--- SUPPLIED DATA Enclosed Below ---

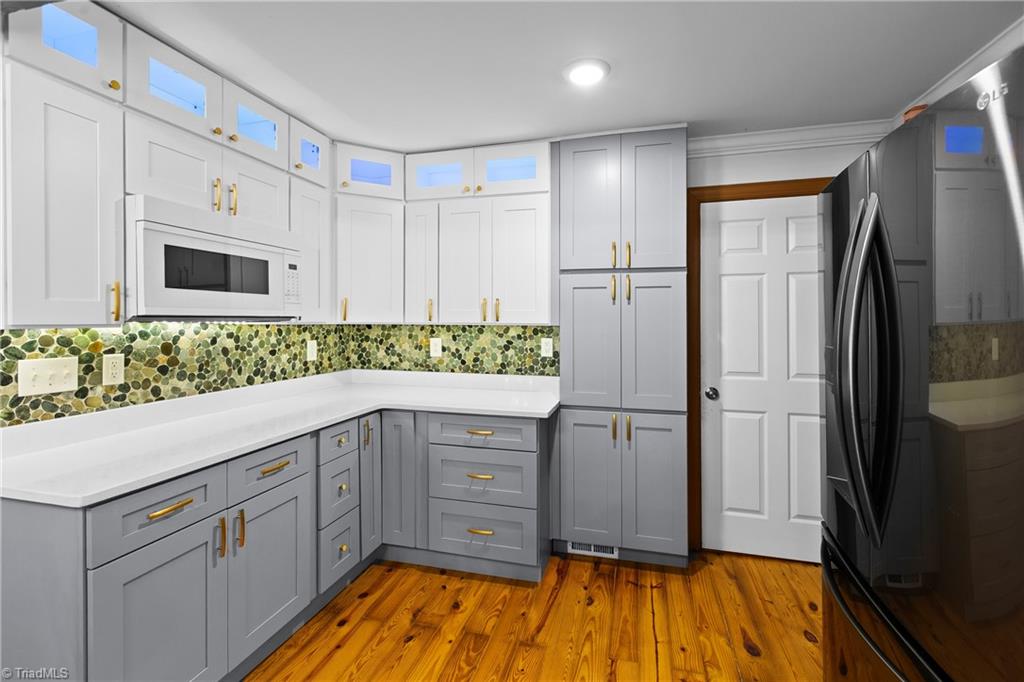 4323 Rader Drive Climax, NC 27233 - Photo 9 of 34 Kitchen cabinets with undermount lighting and lighted upper cabinets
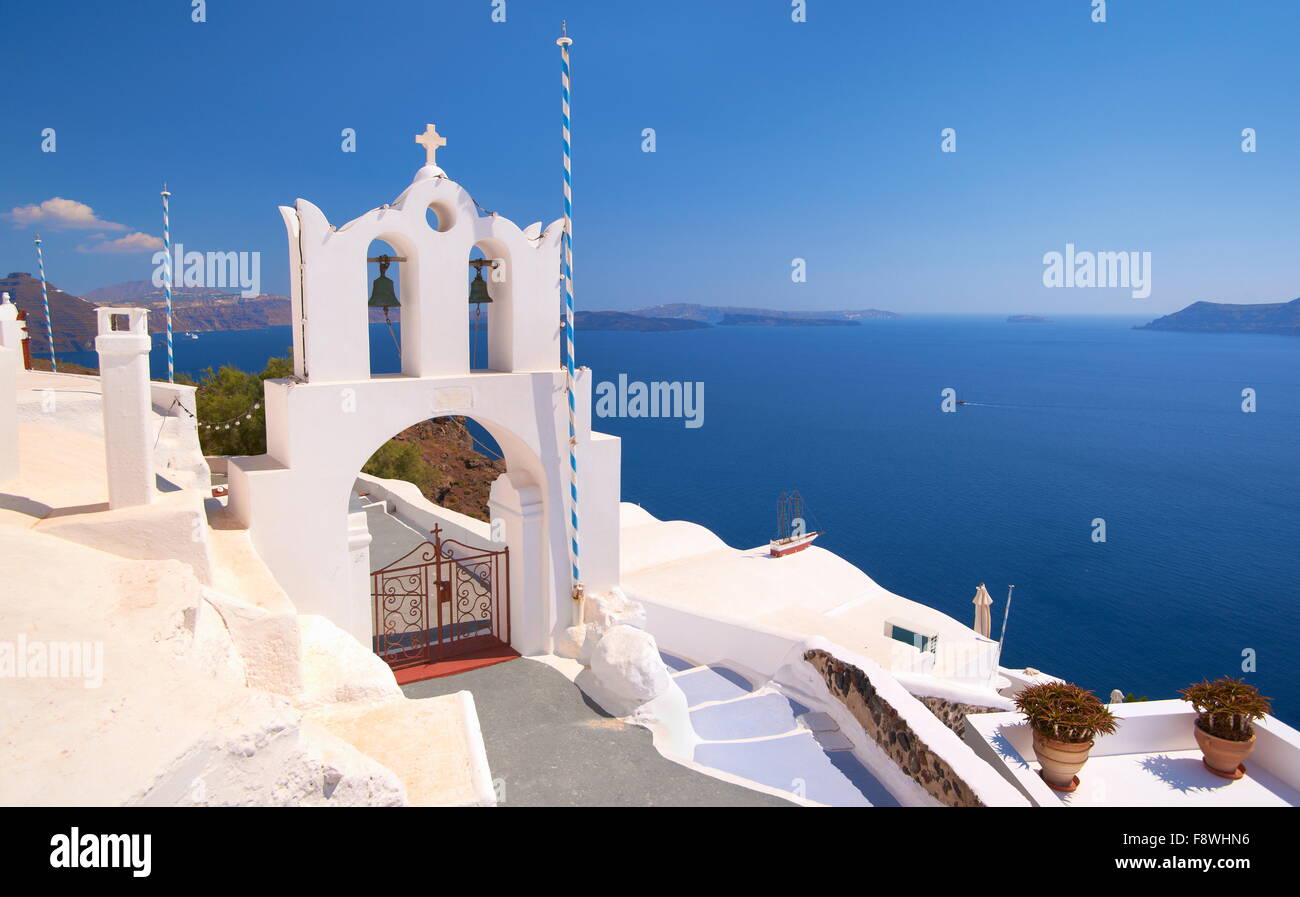 The gate with bell tower in Oia Town, Santorini Island, Cyclades Islands, Greece Stock Photo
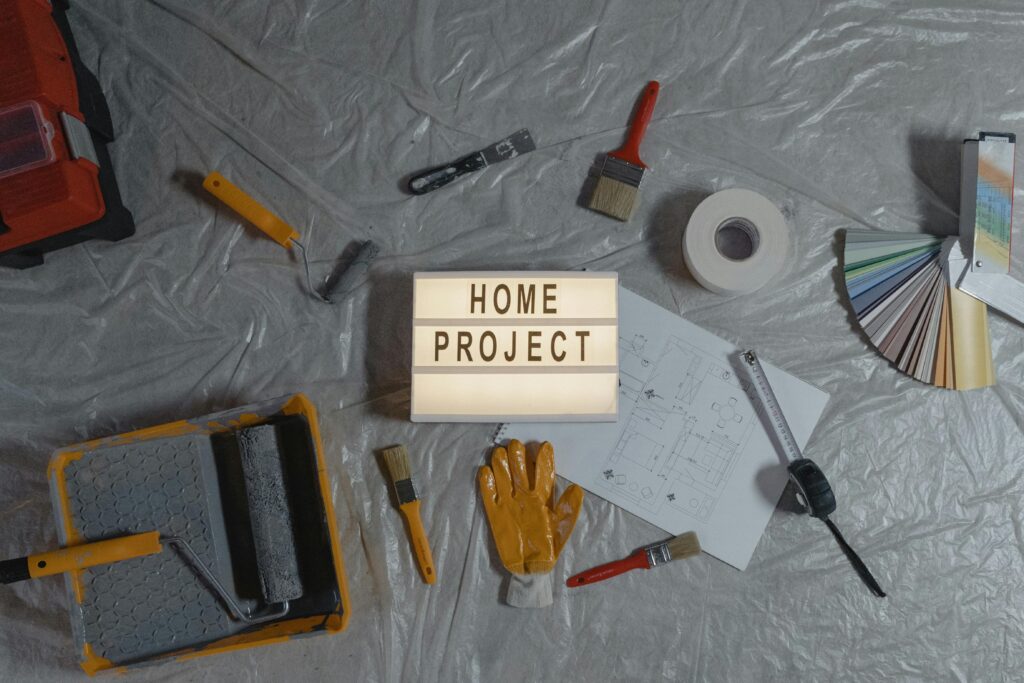 Flat lay of home improvement tools, paint samples, and blueprints for a DIY project.
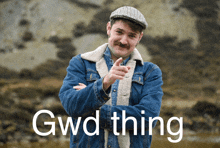 a man in a denim jacket and hat is pointing at the camera with gwd thing written on the bottom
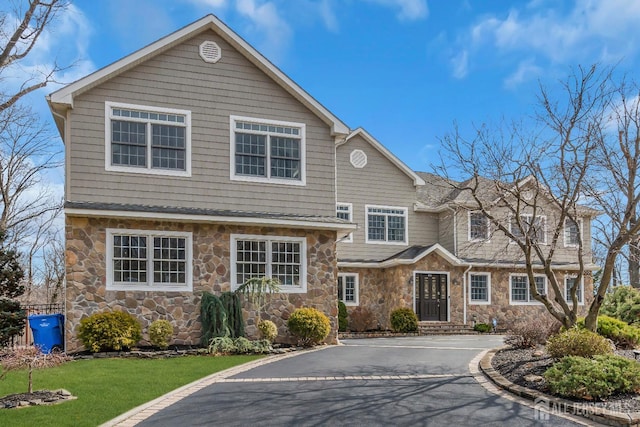 view of front of property with aphalt driveway, stone siding, a front yard, and fence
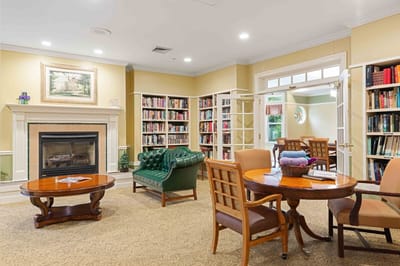 Cozy library and lounge area in a senior living facility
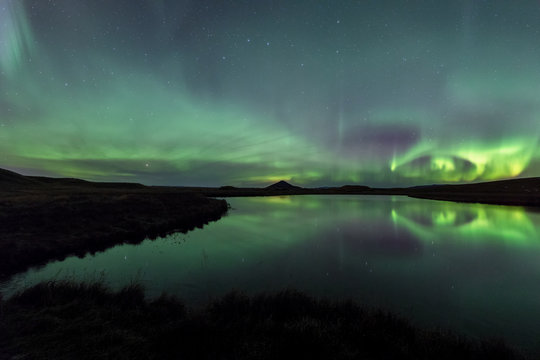 Aurora Borealis reflection in Lake Myvatn in Iceland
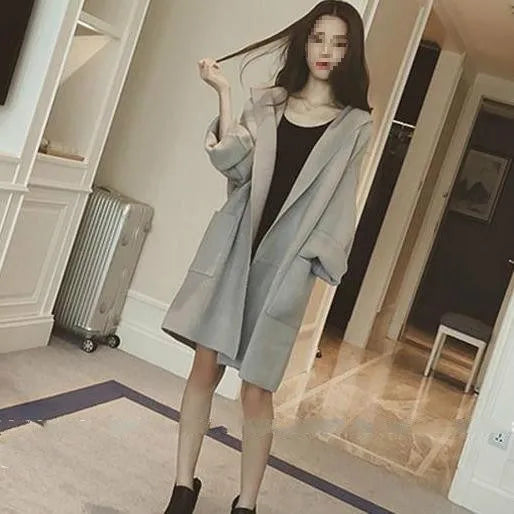 Plus size woman modelling a loose grey cotton coat with lace details for spring or autumn.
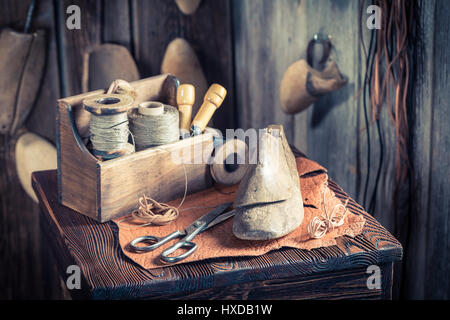 Cobbler piccolo luogo di lavoro con strumenti, scarpe e lacci Foto Stock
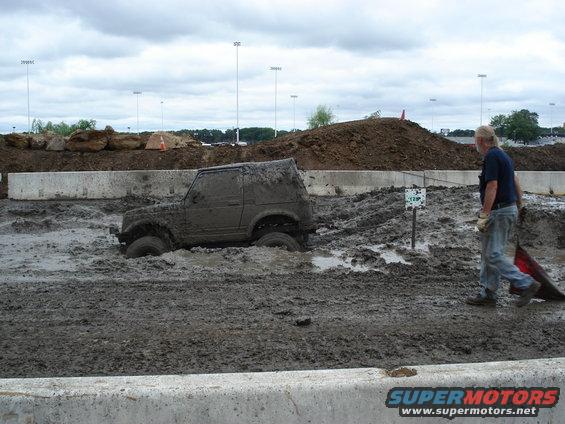 1988 Suzuki Samurai stuck deep in mud with a person walking nearby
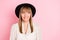 Photo of playful tricky lady bite lip look empty space wear retro hat dotted blouse isolated pink color background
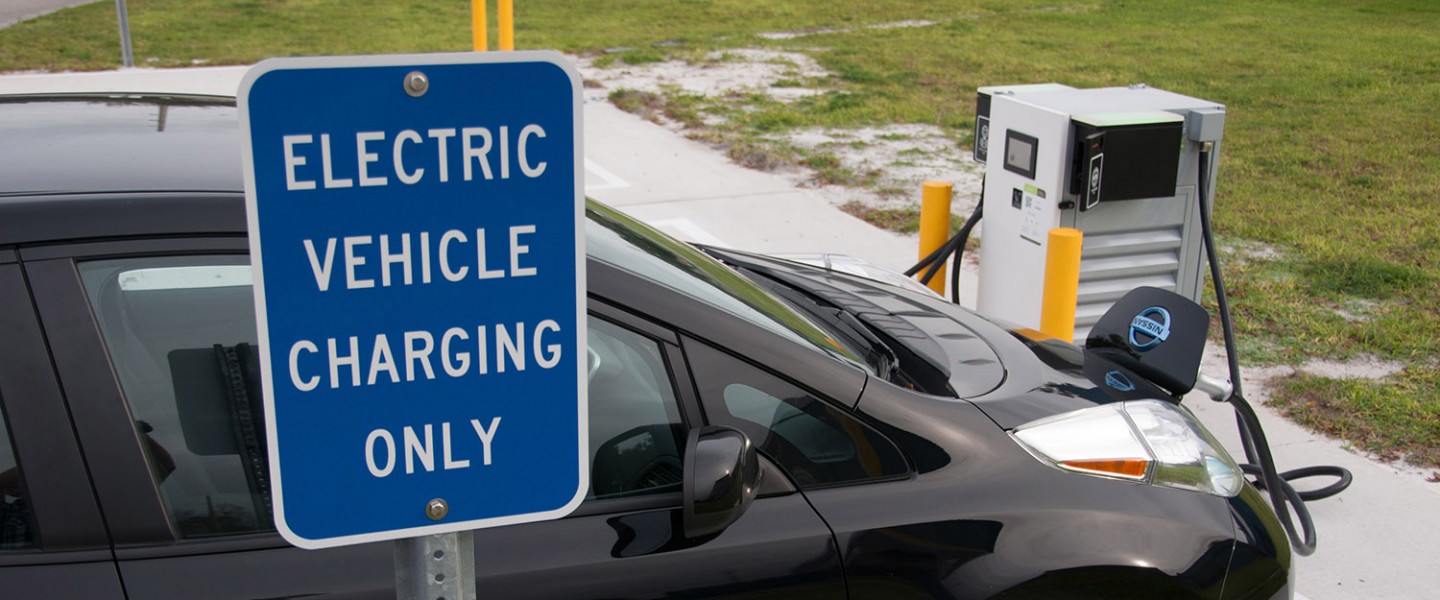 Electric vehicle charging only sign with Nissan LEAF and charging station evtc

--- End of Enclosed SUPPLIED DATA ---

An exact copy is needed of the entries above, starting at the line that holds "view of front" and stopping at the line that holds "1988 Suzuki Samurai", both kept; pictures stay out.

 view of front of property with aphalt driveway, stone siding, a front yard, and fence
 Cozy library and lounge area in a senior living facility
 Aurora Borealis reflection in Lake Myvatn in Iceland
 Plus size woman modelling a loose grey cotton coat with lace details for spring or autumn.
 Cobbler piccolo luogo di lavoro con strumenti, scarpe e lacci Foto Stock
 1988 Suzuki Samurai stuck deep in mud with a person walking nearby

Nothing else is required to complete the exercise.